I built a 120-model mental models framework using the framework itself

1 pointsposted 11 hours ago
by hummbl-dev

1 Comments

hummbl-dev

11 hours ago

Sharing a case study from building HUMMBL—a systematic mental models framework for complex problem-solving.

The meta-recursive twist: I used the framework's own models to architect, validate, and deploy it.

Key technical decisions:

1. 6 transformations, not categories: Perspective, Inversion, Composition, Decomposition, Recursion, Systems.
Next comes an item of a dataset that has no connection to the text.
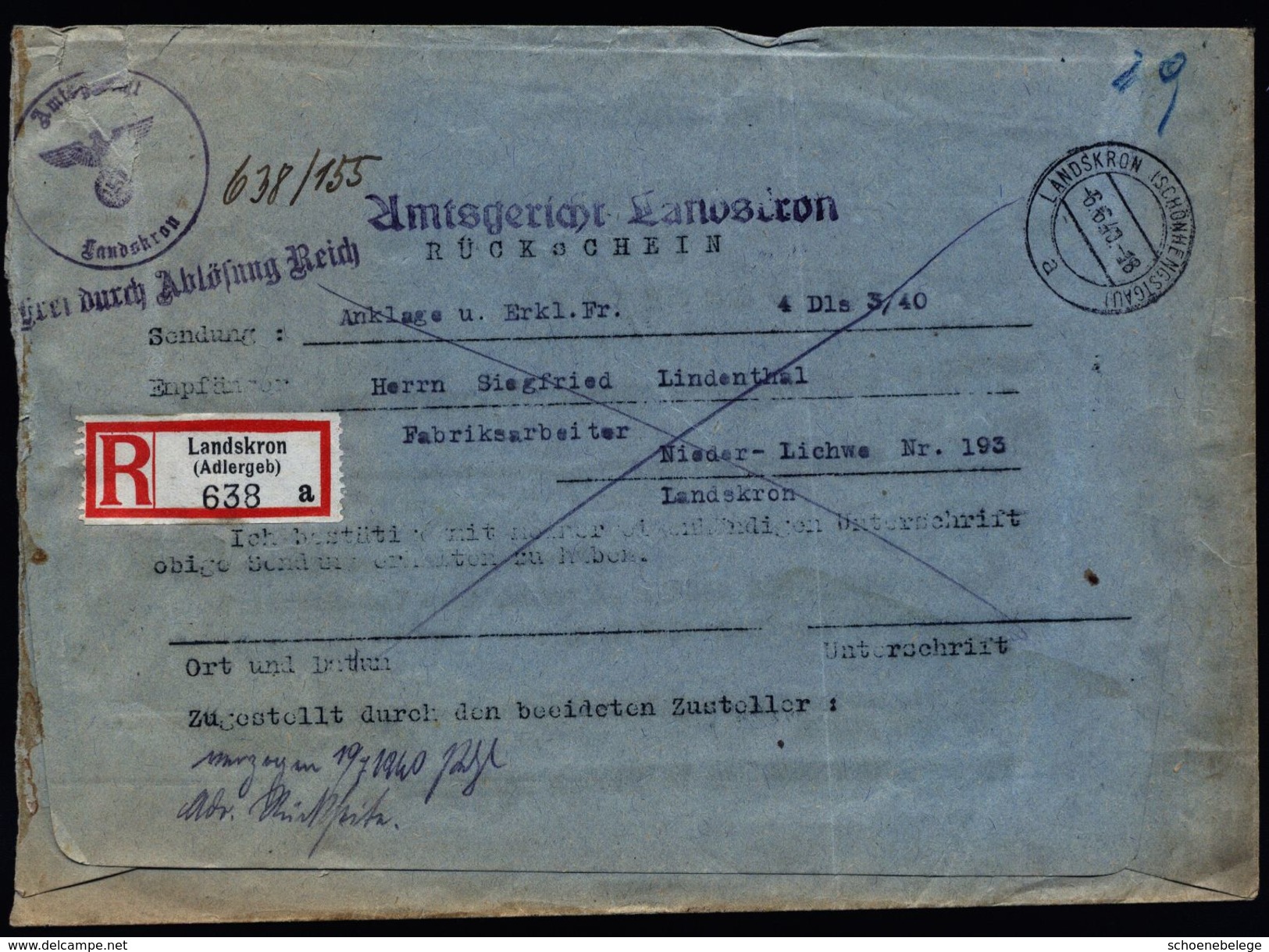 A4912) DR R-Rückschein Von Landskron 6.6.40 Provisorisch - Briefe U. Dokumente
Every model maps to exactly one.

2. Base-N scaling: Base6 for literacy, Base42 for wicked problems, Base120 for pedagogical completeness. Match complexity to problem tier.
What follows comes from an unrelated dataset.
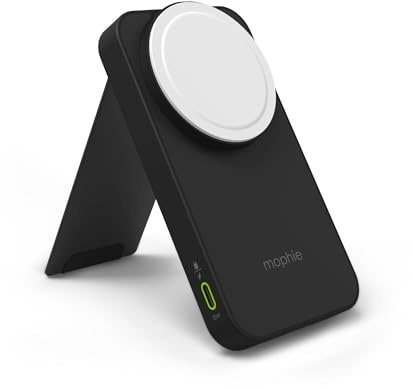 mophie powerstation wireless charging stand MagSafe, 15W fast charging, USB-C port, tripod socket, charge multiple devices, black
3. Quantitative wickedness scoring: 5-question rubric (variables, stakeholders, predictability, interdependencies, reversibility) replacing subjective tier assignment.

4. Multi-agent development: Treated Claude, ChatGPT, Windsurf, and Cursor as team members with defined roles. SITREP protocol for coordination. 4x parallel execution.

Results: - 120 models, 9.2/10 quality score - 140 chaos tests, 100% pass rate - MCP server for Claude Desktop - 22 months, solo founder

Tech stack: React, Cloudflare Workers, D1, TypeScript

Links: - Live: hummbl.io - MCP: npm @hummbl/mcp-server - Case study: https://github.com/hummbl-dev/mcp-server/blob/main/docs/case...

Would love feedback on the framework architecture and multi-agent coordination approach. AMA about the development process.